Questo sito contribuisce all’audience di Quotidiano Nazionale

Catania, negato il piano di reinserimento a un detenuto che ha scontato la pena: i legali presentano ricorso

Il carcere di Bicocca, a Catania

Fuori dal carcere lo attendeva un progetto di inserimento sociale ma un provvedimento del questore di Catania, opposto rispetto all’ordinanza del magistrato di sorveglianza, lo ha ritenuto un soggetto socialmente pericoloso e l’ha rinchiuso nel Cpr di Trapani, centro per stranieri senza permesso di soggiorno.

È la storia di Kenneth Osayuwa, 26 anni, nigeriano, esempio di mancato reinserimento di un detenuto che lo scorso 8 agosto ha finito di scontare una pena di 7 anni e 2 mesi per associazione mafiosa: era legato alla mafia nigeriana, al clan Maphite.

La sentenza di condanna aveva disposto l’espulsione del condannato, come misura di sicurezza, dopo l’espiazione della pena.

«Il 3 luglio scorso il magistrato di sorveglianza di Catania, alla luce del percorso rieducativo condotto nel carcere di Bicocca, ha ritenuto non sussistenti i presupposti per la formulazione di un giudizio di pericolosità sociale, rigettando la richiesta di espulsione – spiegano gli avvocati Carmelinda Cannilla del Foro di Catania e Giuseppe Guttuso del Foro di Palermo –. All’atto della scarcerazione la questura di Catania ha disposto il trattenimento presso il Cpr di Trapani/Milo.
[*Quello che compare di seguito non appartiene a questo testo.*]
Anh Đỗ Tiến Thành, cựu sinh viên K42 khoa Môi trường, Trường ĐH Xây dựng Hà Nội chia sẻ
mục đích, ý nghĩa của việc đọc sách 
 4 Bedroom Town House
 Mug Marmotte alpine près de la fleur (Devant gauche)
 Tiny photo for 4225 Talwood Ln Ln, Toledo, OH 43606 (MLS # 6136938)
Questo nonostante la dichiarazione di non pericolosità sociale e il rigetto della richiesta di espulsione da parte del magistrato di sorveglianza. Era stato trovato un alloggio a Caltagirone e la possibilità di un tirocinio retribuito secondo il progetto dell’Uepe di Catania, con la promessa concreta di assunzione».

Gli avvocati si sono opposti alla decisione davanti alla Corte d’appello di Catania, che ha confermato il provvedimento, e adesso i legali hanno fatto ricorso in Cassazione.

«Siamo in attesa dell’esito da Roma – spiega Cannilla –. Kenneth Osayuwa è arrivato in Italia nel 2016, ancora minorenne. Era prima transitato dalla Libia, dove ha subito prigionia illegale, torture, pestaggi. È stato condannato per appartenenza al gruppo criminale Maphite, ma non gli è stato attribuito alcun reato specifico (violenza, minaccia, traffico, spaccio), ma esclusivamente la partecipazione passiva al gruppo. In carcere ha iniziato un percorso formativo e riabilitativo personale che lo ha portato a presentare nel giugno scorso la domanda di protezione internazionale».